Referendum: un «no» che aiuterà a crescere?

In vista del referendum dello scorso 17 aprile, i contributi di Gaia De Vecchi e Simone Morandini hanno ampiamente illustrato le buone ragioni del voto. Com’è noto è andata diversamente, ma vale la pena di non considerare semplicemente la questione un capitolo chiuso, come spesso si ha la tentazione di fare con gli esiti referendari.

 

C’è sempre da imparare…

C’è sempre da imparare dalle scelte che abbiamo fatto: che abbiano colto nel segno circa la miglior cosa che si potesse fare, o che abbiano fallito – a volte anche drammaticamente – c’è (quasi) sempre modo di ritornarci su e raddrizzare il tiro per le prossime volte in cui si presentino situazioni analoghe.
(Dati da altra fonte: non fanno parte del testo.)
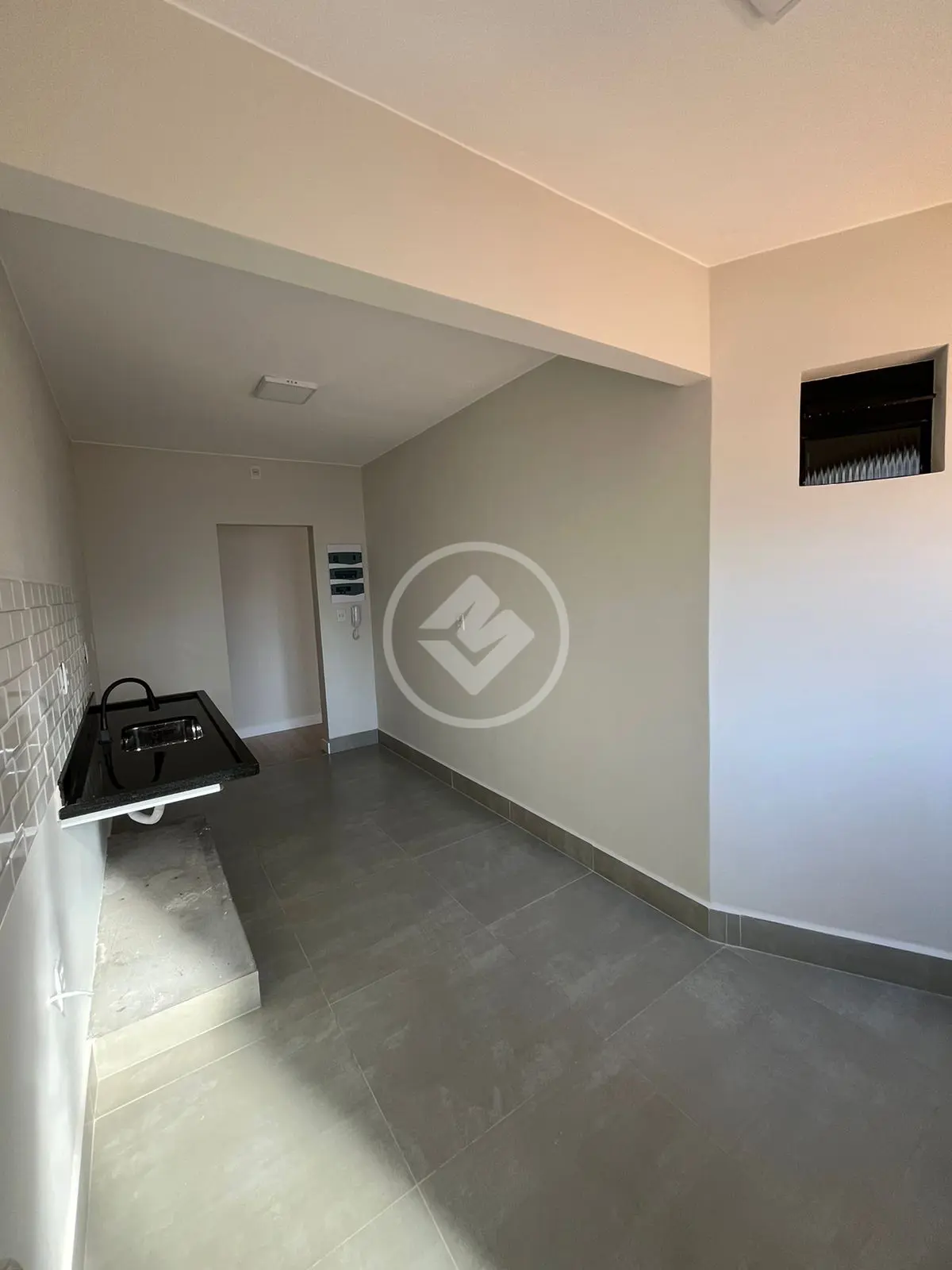 Apartamento 2 quartos no Jardim Irajá, Ribeirão Preto — foto 5 de 6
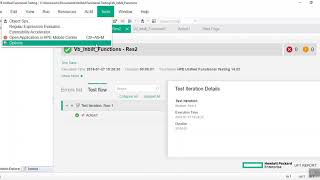 VbScript InbuiltFunctions Part1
Al proposito la nostra tradizione morale parlava di esame di coscienza, il cui scopo non è unicamente il rimorso ma anche l’analisi di come è andata, e di epikeia, cioè la ricerca di equità in tutte quelle circostanze in cui le buone norme che ci hanno insegnato si rivelano insufficienti, rispetto a quanto un’attenta coscienza vi scorge di meglio.

 

Chi è andato a votare e chi no

Del referendum sulle «trivelle» molti hanno colto l’inutilità, non andando a votare. Il quesito, si è detto, è troppo tecnico per essere valutato politicamente con lo strumento del voto referendario, e pertanto – hanno aggiunto molti – lo si è caricato di valenze simboliche e ideologiche: quindi chi ci è andato, a votare, avrebbe inteso ben altro rispetto a ciò per cui si è di fatto espresso.

Nel prenderci cura dell’ethos in cui si esprime il nostro legame sociale non possiamo trascurare la cosa. Intanto c’è una disaffezione allo strumento del referendum, per l’incoerenza con cui i parlamenti troppo spesso ne aggirano gli esiti: e questo impegna la classe politica ad una riflessione critica circa il rapporto tra mandato popolare e impegno per la realizzazione del maggior bene politicamente praticabile.

 

Troppo tecnico?

Ma c’è pure una questione specifica da affrontare: se questo referendum è parso troppo tecnico significa che c’è stato un difetto di comunicazione, e quando si tratta di beni comuni (risorse energetiche, suolo, acque) un tale difetto implica la perdita di controllo da parte dei cittadini su una materia che riguarda la loro esistenza e convivenza.

Per quanto si sia discusso se sia un tappo migliore la trivella in funzione o quella dismessa, o su quanti licenziamenti sarebbero occorsi e con chissà quale termine di tempo – faccende indubbiamente tecniche – in effetti il quesito riguardava altro: vogliamo concedere a portatori di interessi privati l’accesso a una risorsa di tutti a tempo indeterminato, sapendo che in questo modo potranno estrarre su un arco temporale illimitato quantità annuali modeste di gas e petrolio, garantite dalle franchigie che permettono di non pagare royalties?

Cioè è lecito che un privato si appropri di un bene comune e lo commercializzi senza che ci sia una redistribuzione di questa ricchezza tra la popolazione? E ancora, poiché la legge che abbiamo avvallato con il non voto concede di procrastinare fino a quando si vorrà l’esaurimento del giacimento, chi imporrà lo smantellamento degli impianti a carico delle compagnie?

 

Per i beni comuni

Non sarà che un giorno queste ultime scompariranno (o come spesso accade si trasformeranno) lasciando orfane le piattaforme ormai degradate, la cui eutanasia sarà ulteriormente a carico della collettività? Ossia un’ennesima privatizzazione degli utili e socializzazione delle perdite, dove pochi hanno guadagnato e tutti pagano.

Lo stato che convoca i cittadini a votare, ancor prima dei promotori dei referendum, deve aver cura di spiegare ai cittadini quanto sono effettivamente chiamati a decidere, altrimenti il voto diventa una sorta di truffa che regala solo costi di esercizio, disaffezione alla partecipazione e, quel che è peggio, impossibilità di decidere dei beni comuni.